Prototype audit log improvements + coverage test #9467

david-crespo · 2025-12-03T21:36:45Z

This is a draft because I want to get reactions to the approach. Would address #8820, #8811, and #8819. The idea is:

An ergonomic helper audit_and_time that
a. Wraps up the two annoying audit log calls — init and complete — into a single function that takes the handler logic as a callback
b. Combines that with the latency timing function, because it's ugly to do both
A test that uses the VERIFY_ENDPOINTS list to make sure every non-get endpoint gets an audit log entry when you call it

The only added functionality here is the use of a trait MaybeHasResourceId (could rename to AuditResponse or something) to extract the ID of created resources so we can log them. Note that this PR doesn't do any of the DB work yet to actually store that ID — I want to make sure people like the callsite ergonomics first.

Concerns and future plans

Here I am specifically pulling out the ID of the created resource, but in Audit log: log arbitrary data about request and response bodies #8821 we discuss wanting to log the entire response body, and that would include the ID and be strictly more general. So we might want to skip straight to that if we expect to do it eventually. Added some notes on handling giant responses here.
This doesn't address Audit log: log ID of token or session used for authn #8813 but that issue doesn't have anything to do with the helper — we'll have to store the credential ID in the opctx and pull it off of there in the audit log entry init call

david-crespo · 2025-12-03T21:37:34Z

nexus/tests/output/uncovered-audit-log-endpoints.txt

@@ -0,0 +1,123 @@
+Mutating endpoints without audit logging:


This file would be empty or nearly empty in the complete version of this PR.

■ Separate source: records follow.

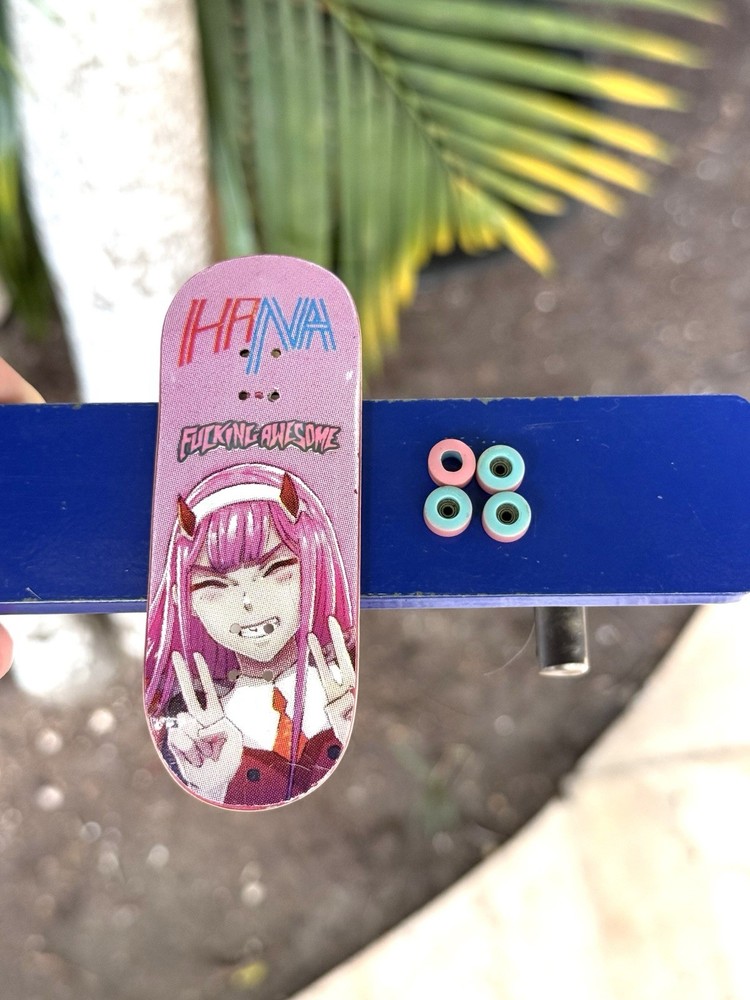 Hana Anime 34mm Fingerboard Deck Joycult Wheels (Missing 1 Bearing) Blackriver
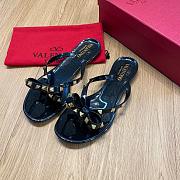 Valentino Rockstud Flip Flops Black - 3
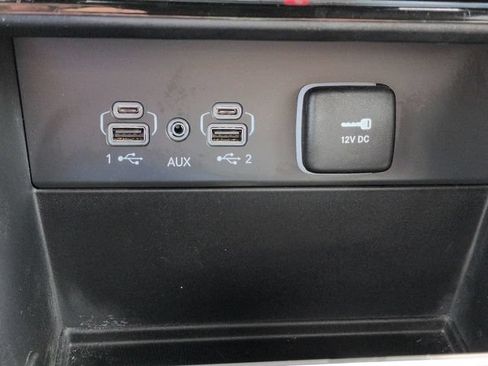 Used 2024 Jeep Grand Cherokee L Laredo RWD image 29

nexus/src/external_api/http_entrypoints.rs

-            .context
-            .external_latencies
-            .instrument_dropshot_handler(&rqctx, handler)
+            })


test for verifying audit log coverage

david-crespo · 2025-12-03T22:01:08Z

nexus/src/external_api/http_entrypoints.rs

+                nexus.scim_idp_create_token(&opctx, &silo_lookup).await?;
+            Ok(HttpResponseCreated(token))
+        })
+        .await


The ergonomics comparison here is.... favorable.

inickles

Some of what I have below was discussed offline, but I'll mention here for posterity.

The callsite ergonomics look better, though I'm wondering if what's here will be the full story considering I think we'll want more than a top-level resource_id field for the audit event (which I think it's what's proposed here?). I think there could be a number of things we'd want to include an audit event, and that each endpoint will need to define a what it wants to include in the audit log, which could be a subset of the elements returned in the response body itself. And so I think that means audit_and_time would need more than just a handler, or perhaps the handler types must implement functions that define what that audit log response body would be?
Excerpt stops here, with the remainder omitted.